* _DATA TO EXAMINE_:
———

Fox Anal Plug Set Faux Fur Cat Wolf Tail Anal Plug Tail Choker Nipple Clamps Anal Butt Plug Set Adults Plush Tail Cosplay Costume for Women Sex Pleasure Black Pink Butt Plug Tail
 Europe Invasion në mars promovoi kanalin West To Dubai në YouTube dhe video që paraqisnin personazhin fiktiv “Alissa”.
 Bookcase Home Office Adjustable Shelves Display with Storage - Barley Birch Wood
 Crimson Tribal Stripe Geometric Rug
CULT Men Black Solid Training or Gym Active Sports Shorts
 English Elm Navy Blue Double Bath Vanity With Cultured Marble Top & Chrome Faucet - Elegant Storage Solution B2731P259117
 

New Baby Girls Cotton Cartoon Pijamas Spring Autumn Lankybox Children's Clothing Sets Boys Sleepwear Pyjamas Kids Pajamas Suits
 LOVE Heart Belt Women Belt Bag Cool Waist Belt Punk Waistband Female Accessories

———

* _TO DO_: Only the lines from the one containing "CULT Men Black" through the final line above should be duplicated, exactly as they stand.

* _PROBLEM SOLUTION_:
CULT Men Black Solid Training or Gym Active Sports Shorts
 English Elm Navy Blue Double Bath Vanity With Cultured Marble Top & Chrome Faucet - Elegant Storage Solution B2731P259117
 

New Baby Girls Cotton Cartoon Pijamas Spring Autumn Lankybox Children's Clothing Sets Boys Sleepwear Pyjamas Kids Pajamas Suits
 LOVE Heart Belt Women Belt Bag Cool Waist Belt Punk Waistband Female Accessories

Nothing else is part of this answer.